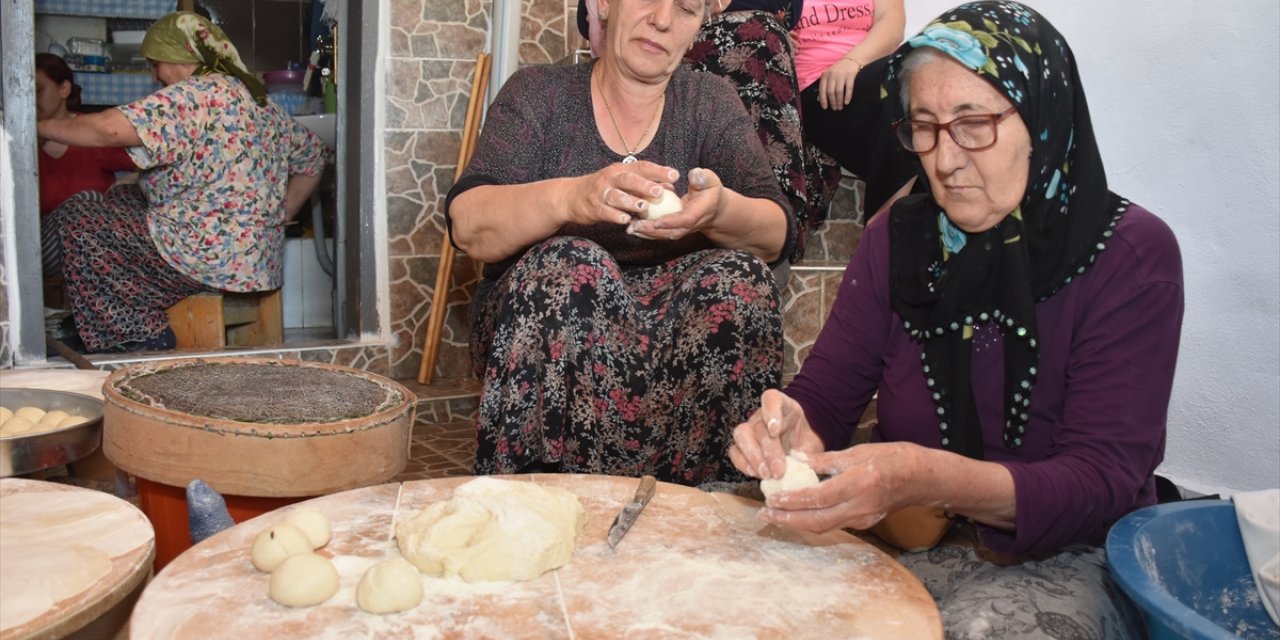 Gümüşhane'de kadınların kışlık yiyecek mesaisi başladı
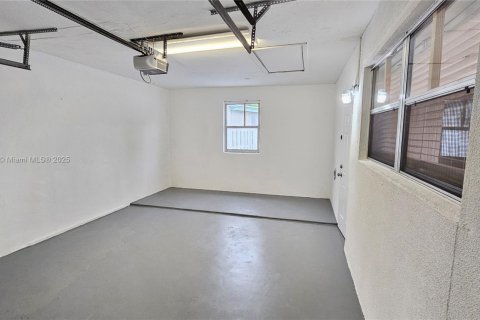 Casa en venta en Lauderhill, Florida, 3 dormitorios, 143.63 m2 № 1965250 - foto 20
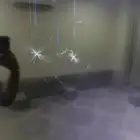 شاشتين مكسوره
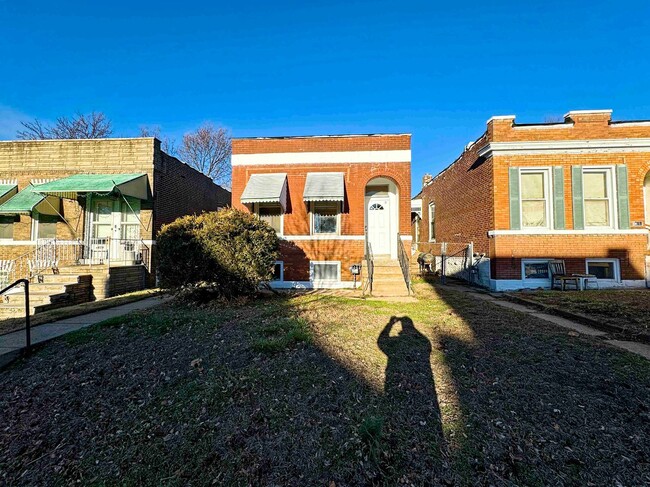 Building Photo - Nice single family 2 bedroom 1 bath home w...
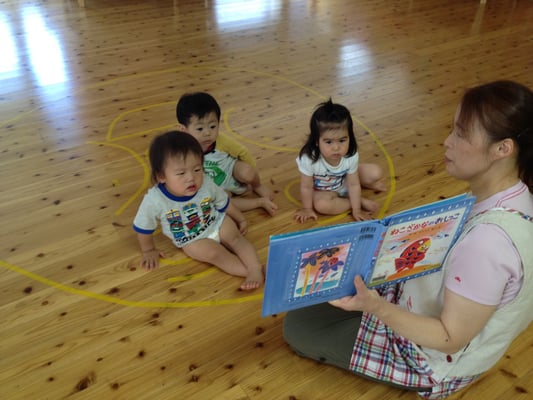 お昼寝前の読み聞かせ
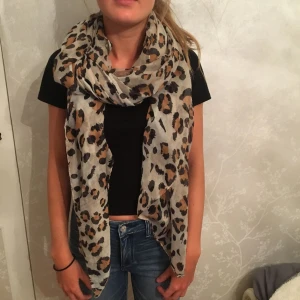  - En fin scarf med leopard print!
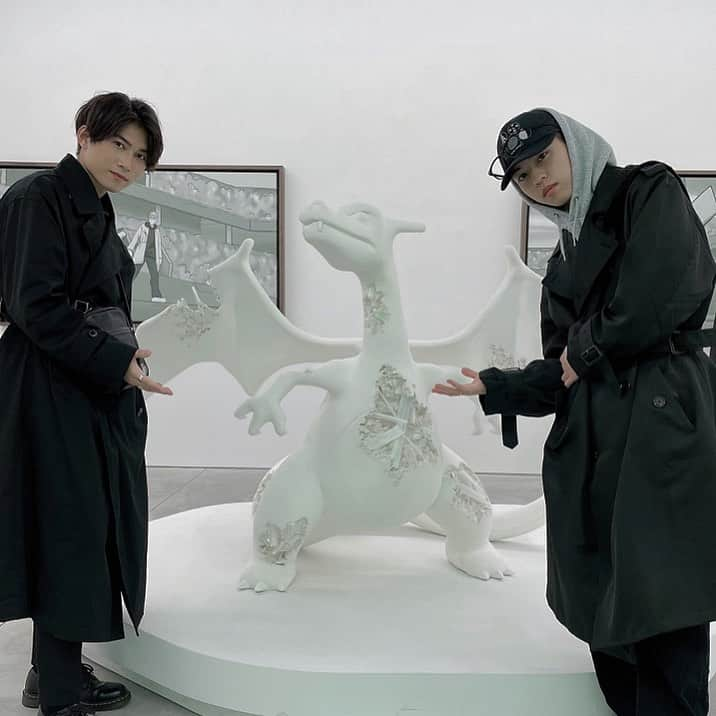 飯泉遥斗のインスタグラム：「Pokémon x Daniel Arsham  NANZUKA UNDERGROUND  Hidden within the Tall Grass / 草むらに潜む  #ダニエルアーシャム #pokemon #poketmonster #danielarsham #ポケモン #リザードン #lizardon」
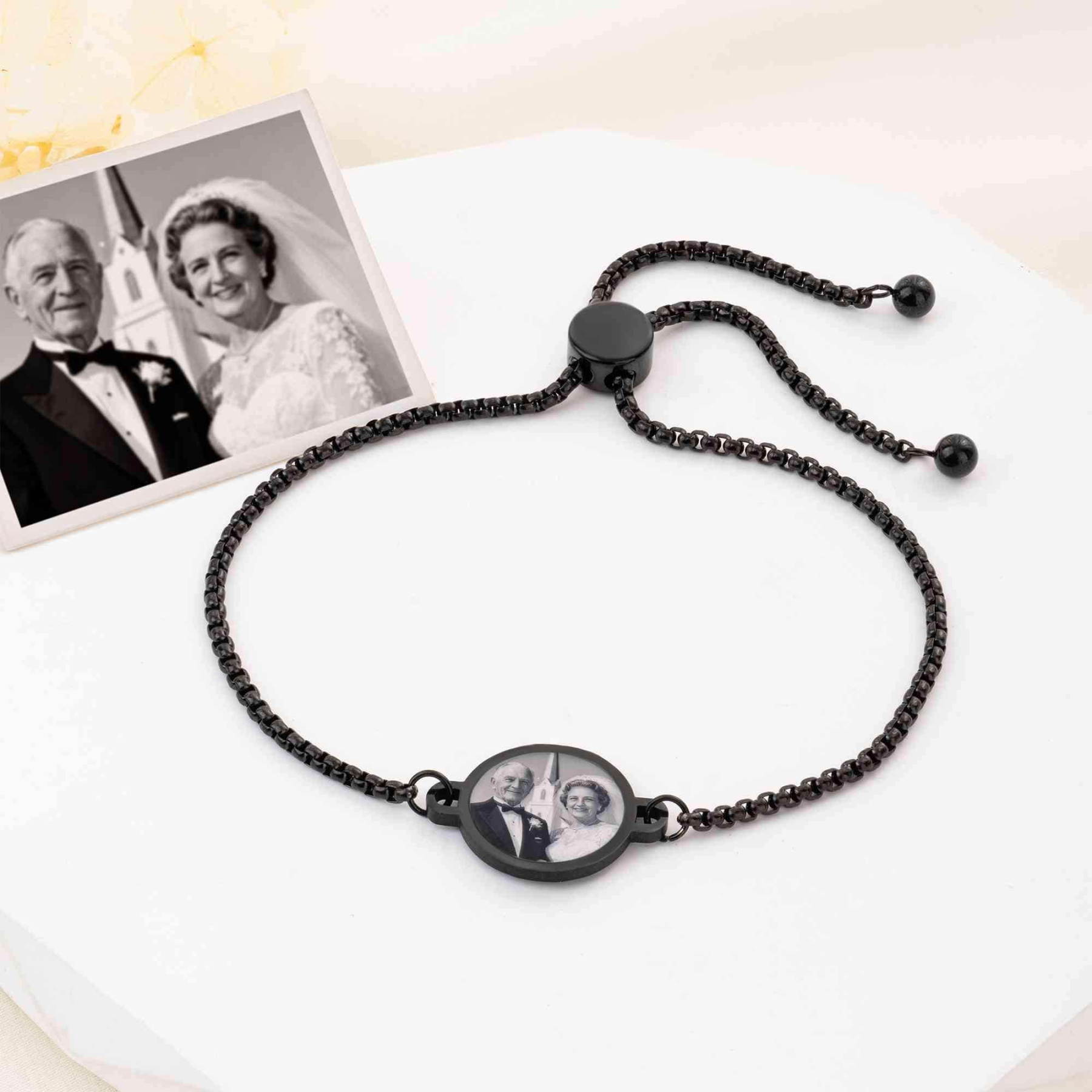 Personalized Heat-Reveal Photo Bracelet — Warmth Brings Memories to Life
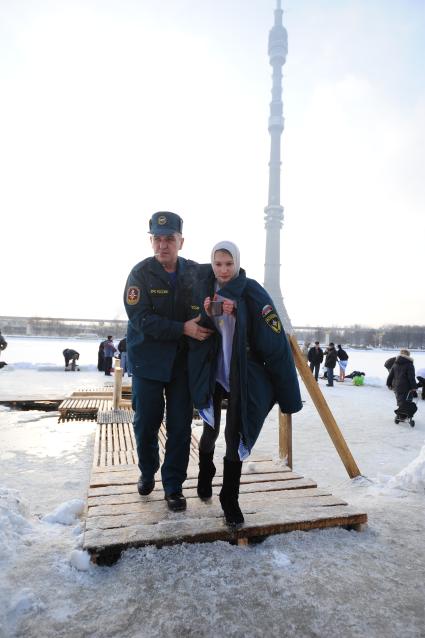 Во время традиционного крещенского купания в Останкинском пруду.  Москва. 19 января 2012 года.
------------------------------
— Task item —
Since the pictures are not part of the copy, please transcribe only the lines above from the one with "Building Photo - Nice" through the one with "Personalized Heat-Reveal Photo", exactly and with both ends.

— Exercise solution —
 Building Photo - Nice single family 2 bedroom 1 bath home w...
 お昼寝前の読み聞かせ
  - En fin scarf med leopard print!
 飯泉遥斗のインスタグラム：「Pokémon x Daniel Arsham  NANZUKA UNDERGROUND  Hidden within the Tall Grass / 草むらに潜む  #ダニエルアーシャム #pokemon #poketmonster #danielarsham #ポケモン #リザードン #lizardon」
 Personalized Heat-Reveal Photo Bracelet — Warmth Brings Memories to Life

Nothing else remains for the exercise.